I have little knowledge with scrapy, although I have been able to scrape several pages, I am trying to scrape some retail in my country, to make things easier for the population when comparing the prices of the products. and here is my problems.
the scrape resppnde 200 seems to be all right, but does not enter the pages to do the scraping, here is my code.
import scrapy
from scrapy.spiders import CrawlSpider, Rule
from scrapy.linkextractors import LinkExtractor
from paris.items import ParisItem
class MercadoSpider(CrawlSpider):
name = 'paris'
allowed_domains = ['www.paris.cl']
start_urls = ['https://www.paris.cl/store/categoria/electro-television-todas-las-tv',
'https://www.paris.cl/store/categoria/electro-television-smart-tv',
'https://www.paris.cl/store/categoria/electro-television-ultrahd',
'https://www.paris.cl/store/categoria/electro-television-curvo-oled',
'https://www.paris.cl/store/categoria/electro-television-monitores',
'https://www.paris.cl/store/categoria/electro-accesorios-soportes-y-cables',
'https://www.paris.cl/store/categoria/electro-accesorios-tv-home-theater',
'https://www.paris.cl/store/categoria/electro-accesorios-tv-bluray-dvd']
rules = {
# Para cada item
Rule(LinkExtractor(allow=(), restrict_xpaths=('//*[contains(@class,"load-more-products")]'))),
Rule(LinkExtractor(allow=(), restrict_xpaths=('//div[@class="itemPromo"]')),
callback='parse_item', follow=False)
}
def parse_item(self, response):
ml_item = ParisItem()
ml_item['title1'] = response.xpath('normalize-space(//h1[@class="detalles-titulo"]/text())').extract_first()
ml_item['precio_normal'] = response.xpath('normalize-space(//p[@class="precio_normal"])').extract_first()
ml_item['precio_internet1'] = response.xpath('normalize-space(//p[@class="internet-price"])').extract_first()
ml_item['precio_internet2'] = response.xpath('normalize-space(//p[@class="offerPrice"]/text()[1])').extract_first()
ml_item['tarjeta'] = response.xpath('normalize-space(//p[@class="offerPrice"]/text()[1])').extract_first()
ml_item['descuentos'] = response.xpath('normalize-space(//span[@class="discount"])').extract_first()

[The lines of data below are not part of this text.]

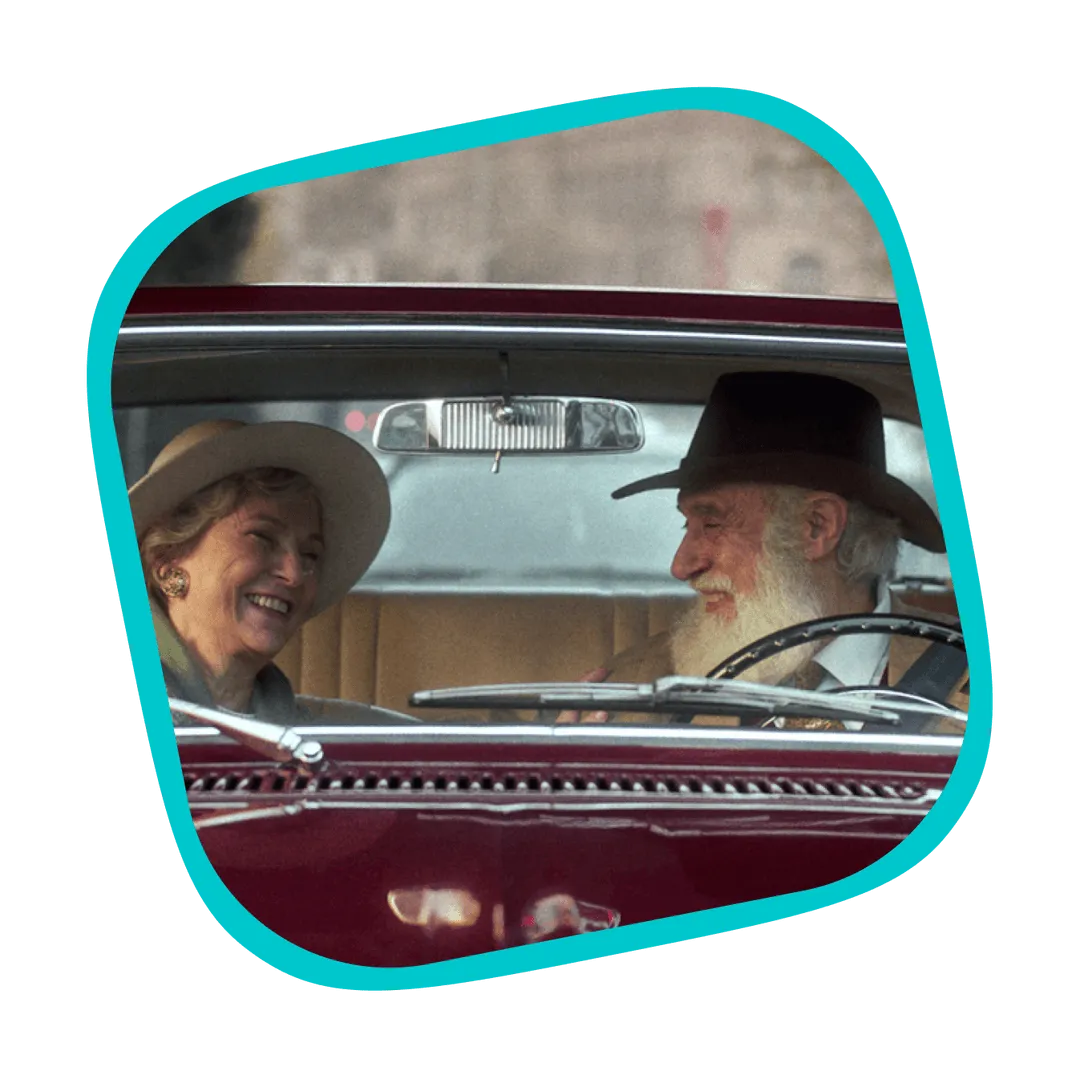 Una pareja en un coche sonriendo del spot de television de la empresa Pazy, funeraria alternativa al seguro de decesos.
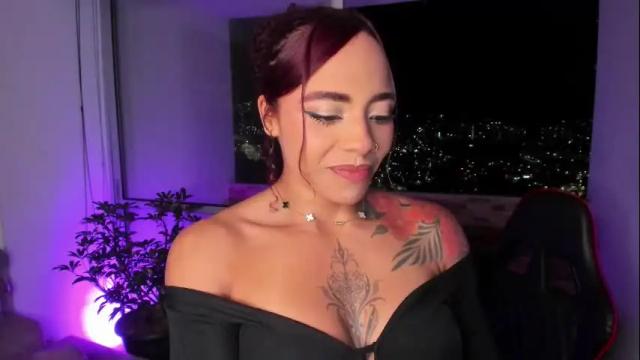 Image 7 of emilyfitness8 Stream on Chaturbate on 2 months ago
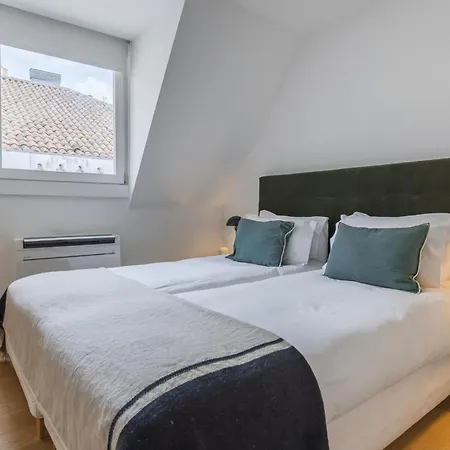 Apartment Penthouse On The Tagus In Alfama By Lovelystay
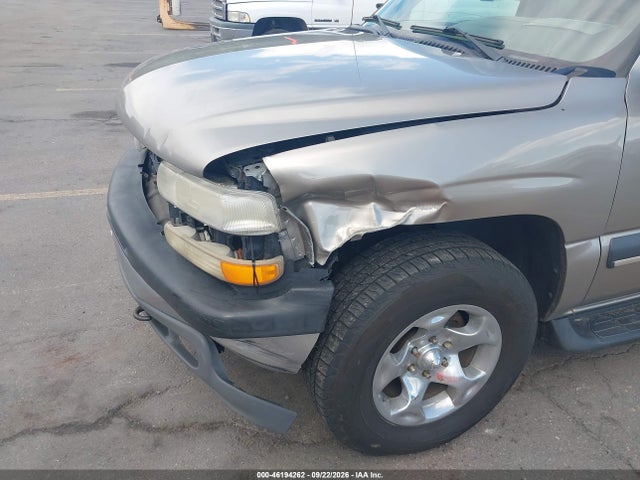 46194262 :رقم المزاد ، 3GNFK16Z03G325822 vin ، 2003 Chevrolet Suburban 1500 Ls مزاد بيع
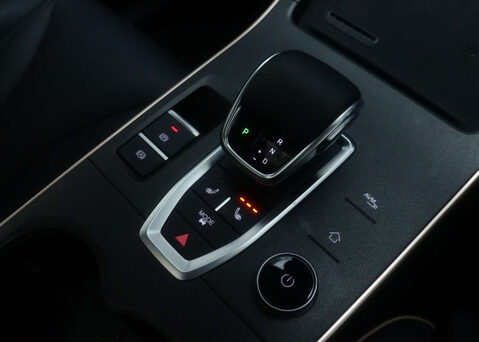 OMODA 5 1.6 5 Noble Auto 5dr 32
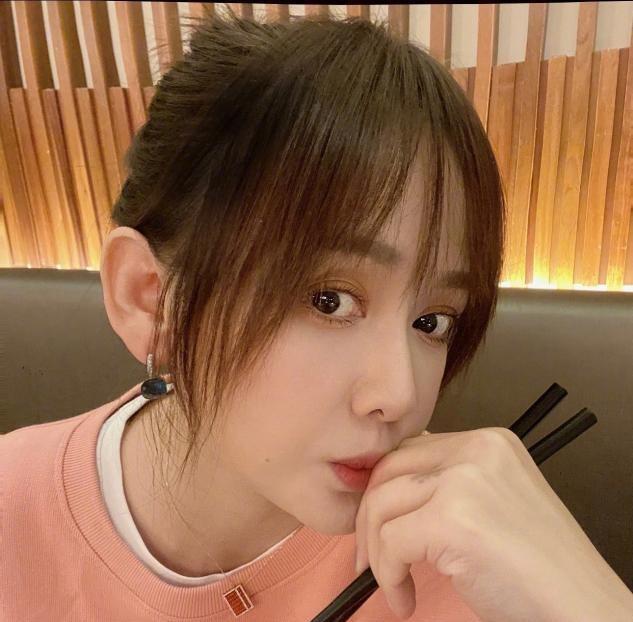 陈乔恩怎么胖成这样,穿着宽松比男友壮实,摘下帽子发际线太瞩目_腾讯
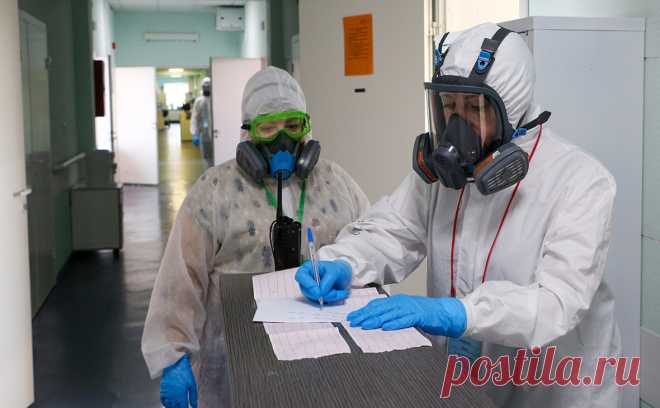 Мурашко назвал долю заболевших COVID-19 после вакцинации россиян. По словам главы Минздрава, после вакцинации заболели не более 2,5% граждан. В ходе прямой линии президент оценивал долю заболевших после вакцинации от COVID-19 в 10%, но вице-премьер Голикова уточнила, что речь идет о 2%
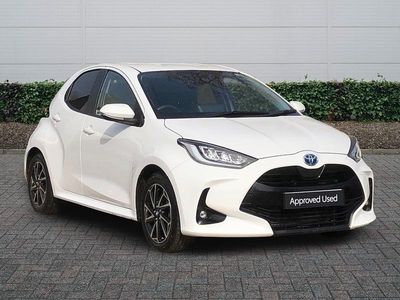 Used Toyota Yaris Hybrid Design 2022 White Hatchback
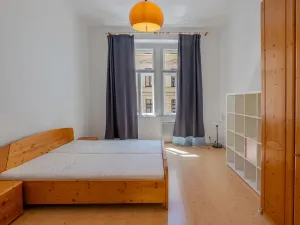Prodej bytu 3+1, Praha - Malá Strana, Petřínská, 76 m2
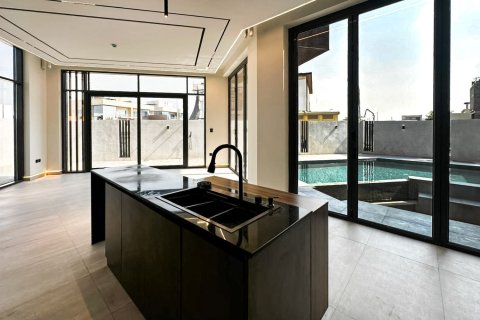 Villa en alquiler en Dubai, EAU 5 dormitorios, 488.48 m2 № 750475 - foto 6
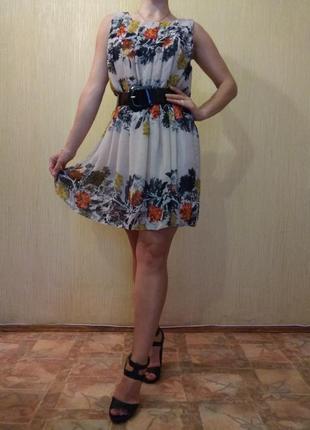 Яркое, летнее, расклешенное платье с цветочным принтом1 фото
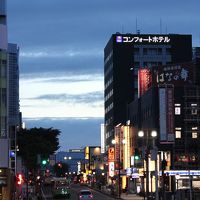 秋田駅前からホテルが見えます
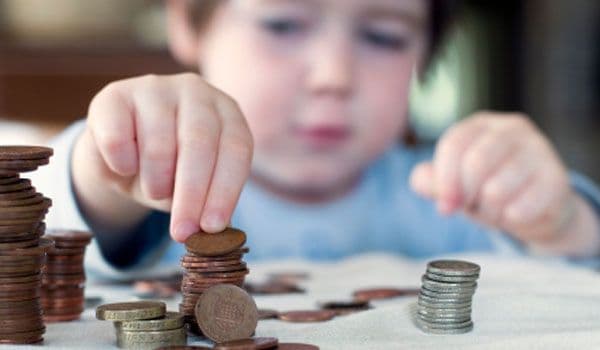 Sprijin consistent pentru românii cu venituri reduse din partea Guvernului Ponta, prin prețuri mai mici la alimente și alocații mai mari pentru copii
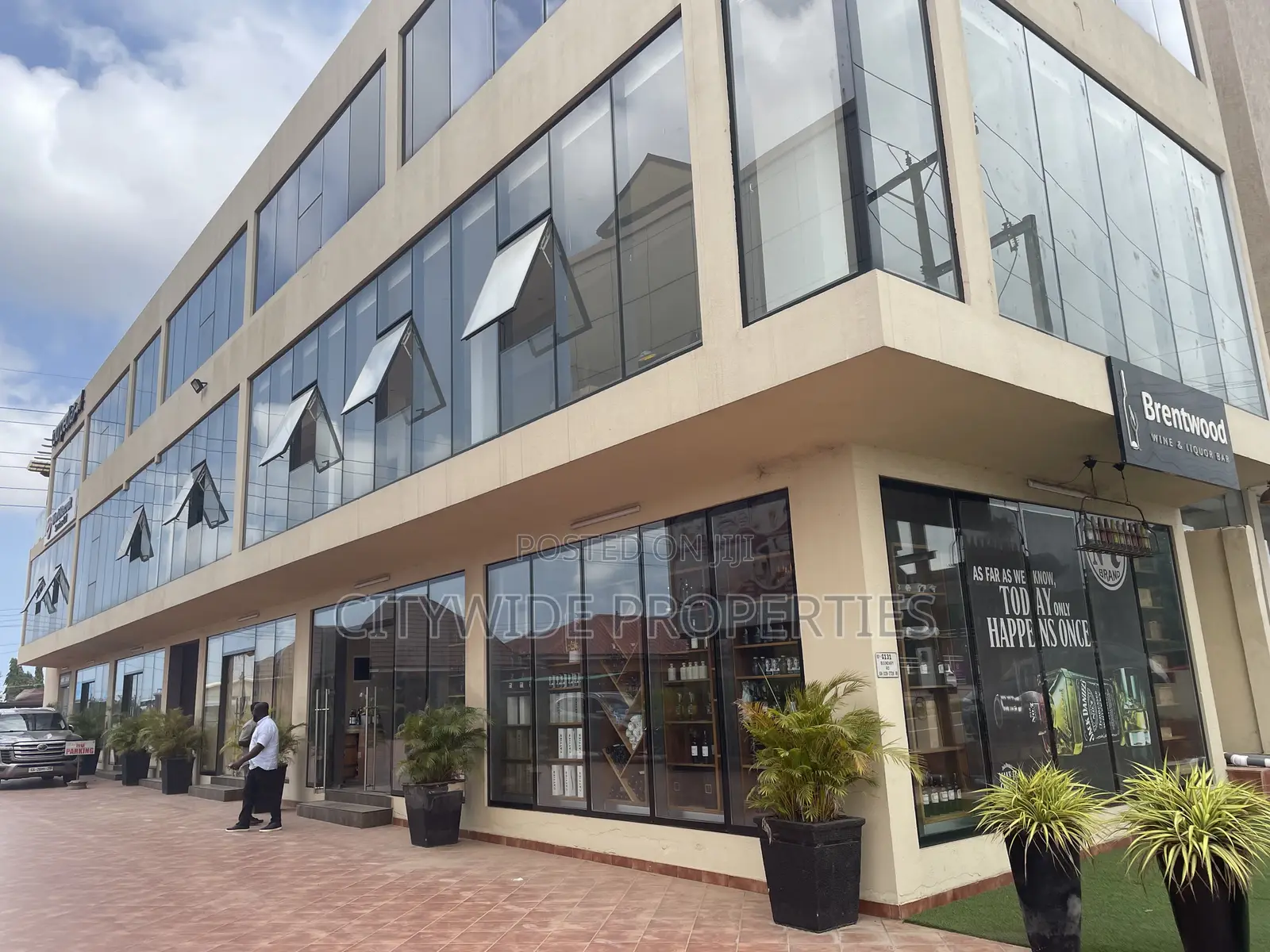 Retail Shop for Rent in East Legon Boundary Road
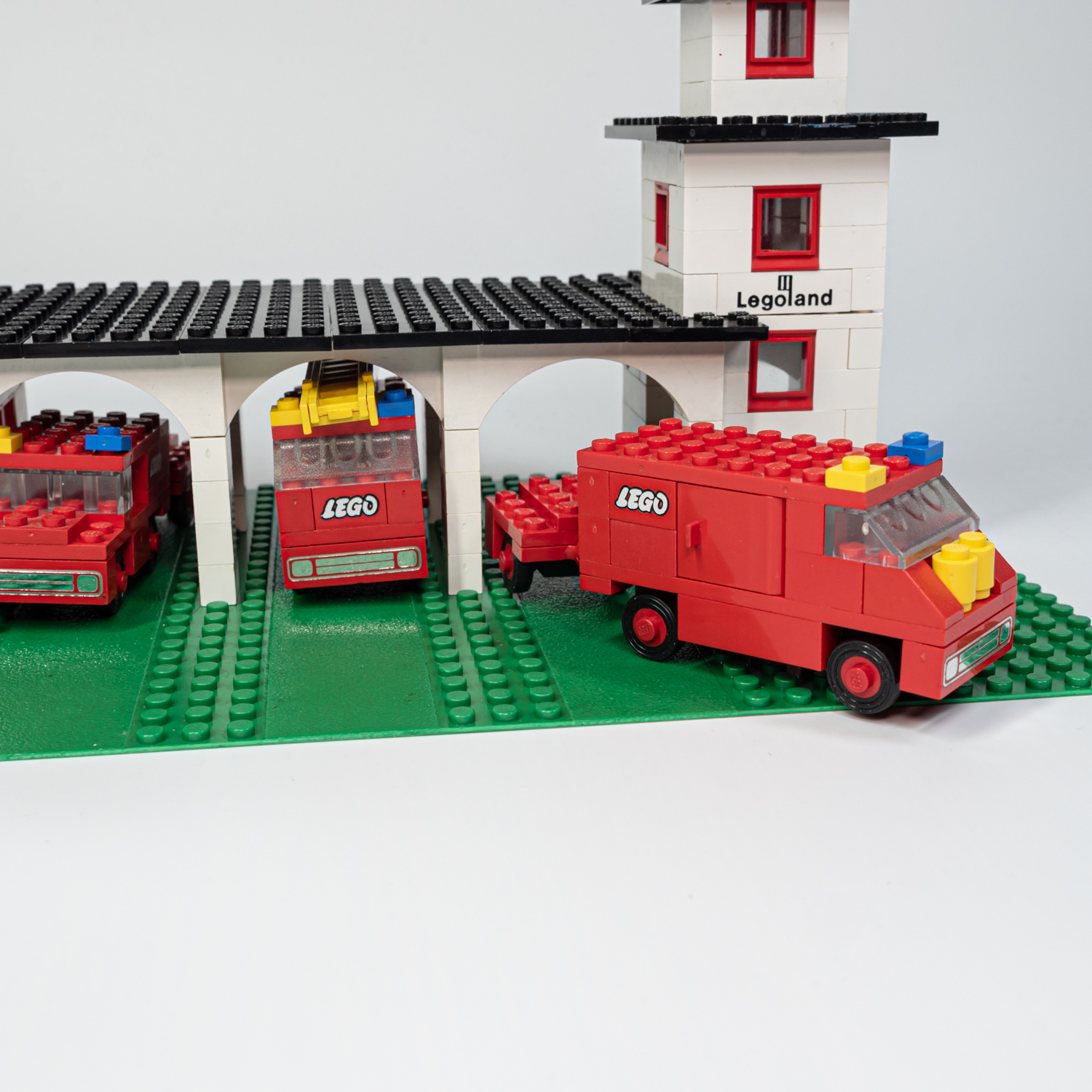 LEGO® 357-1 Fire Station - Tűzoltóság - 2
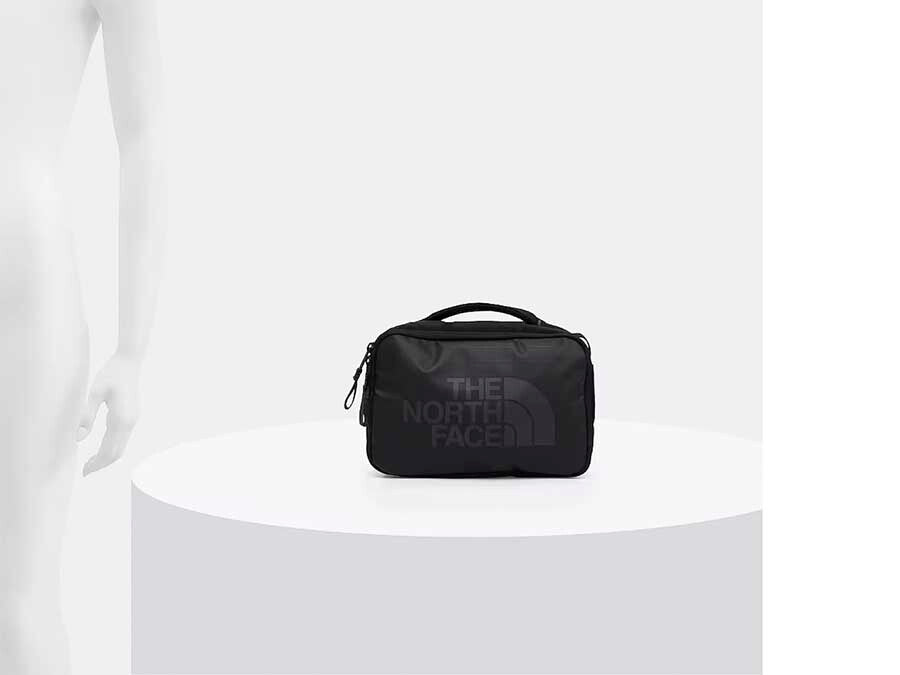 NECESER TNF BASE CAMP VOYAGER TOILETRY KIT BLACK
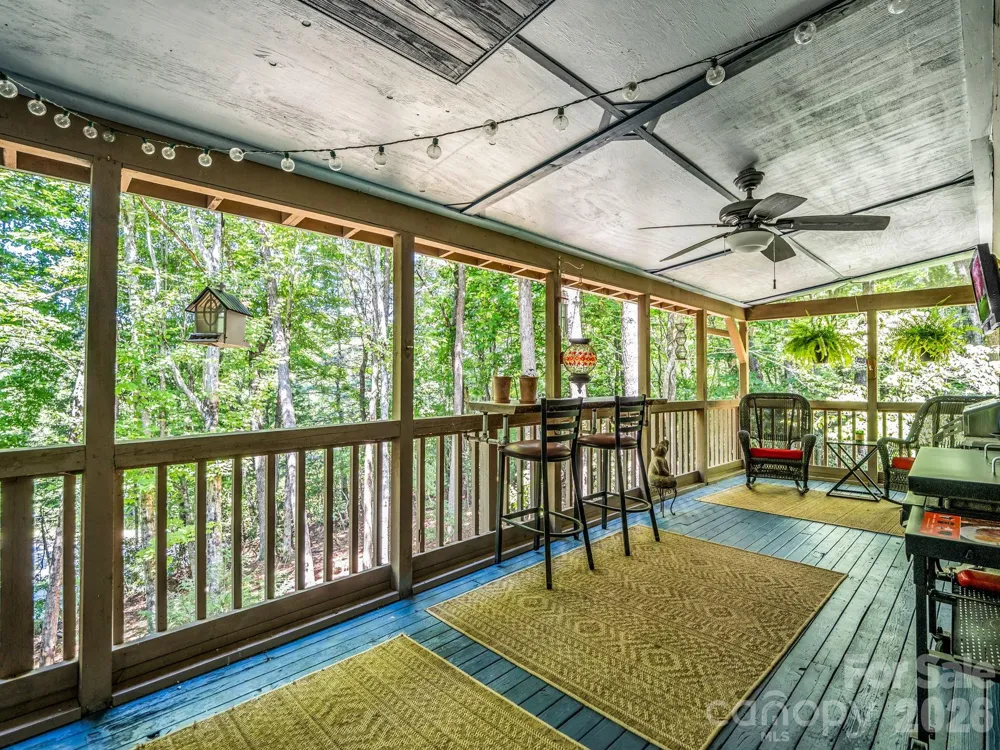 2760 Ugugu Drive Brevard, NC 28712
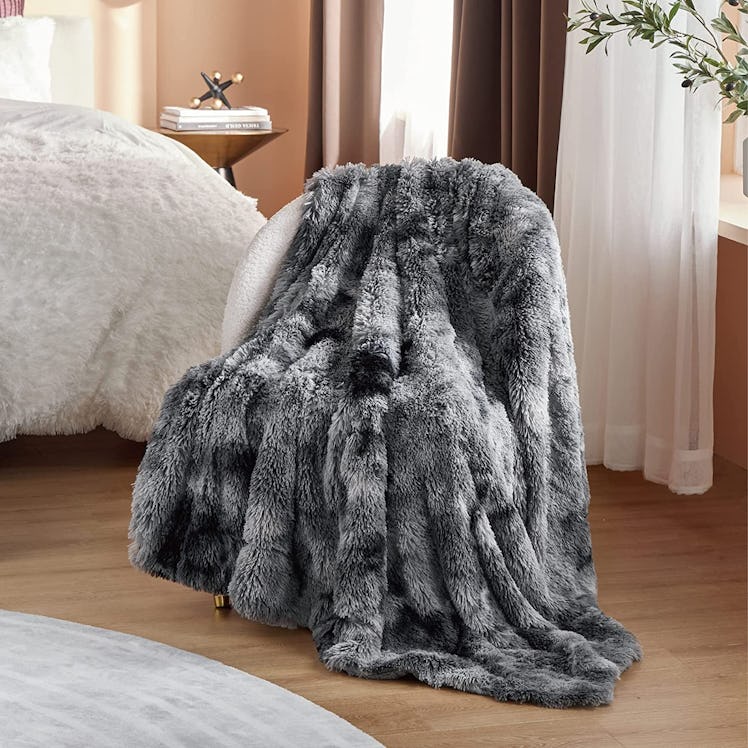 Bedsure Faux Fur Throw Blanket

ml_item['codigo'] = response.xpath('normalize-space//*[@id="product"]/div[2]/div[4]/div/div[1]/div/p[1]/text()[2])').extract_first()
ml_item['stock'] = response.xpath('normalize-space(//*[@class="cta-btn ajacAddToCart"]/text())').extract_first()
ml_item['categoria'] = response.xpath('normalize-space(//*[@id="breadcrumb"]/a[1])').extract_first()
yield ml_item
Aqui la respuesta:
2018-11-08 00:38:01 [scrapy.utils.log] INFO: Scrapy 1.5.1 started (bot: paris)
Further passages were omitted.